§ Exercise material
◇ ◇ ◇ ◇ ◇ ◇ ◇
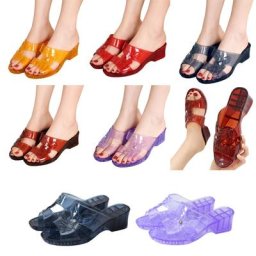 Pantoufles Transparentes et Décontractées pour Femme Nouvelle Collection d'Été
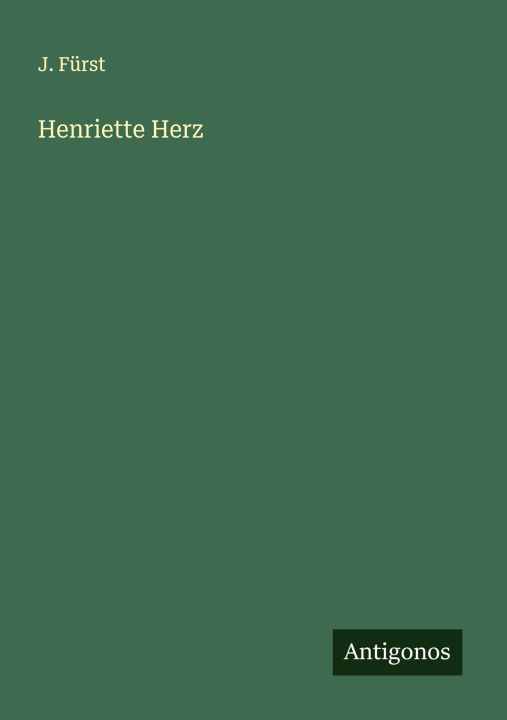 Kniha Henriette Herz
◇ ◇ ◇ ◇ ◇ ◇ ◇
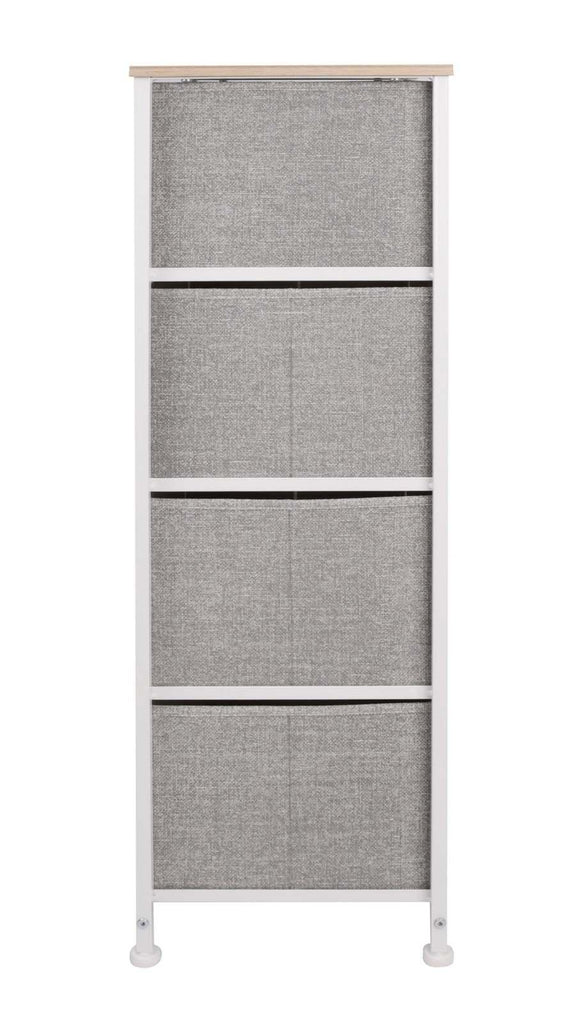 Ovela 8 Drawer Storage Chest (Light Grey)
◇ ◇ ◇ ◇ ◇ ◇ ◇
§ Aim of the task
Give back, exactly and without pictures, the stretch of the records above from the line containing "Pantoufles Transparentes et" through the line containing "Kniha Henriette Herz", with both end lines included.

§ Solution to this task
 Pantoufles Transparentes et Décontractées pour Femme Nouvelle Collection d'Été
 Kniha Henriette Herz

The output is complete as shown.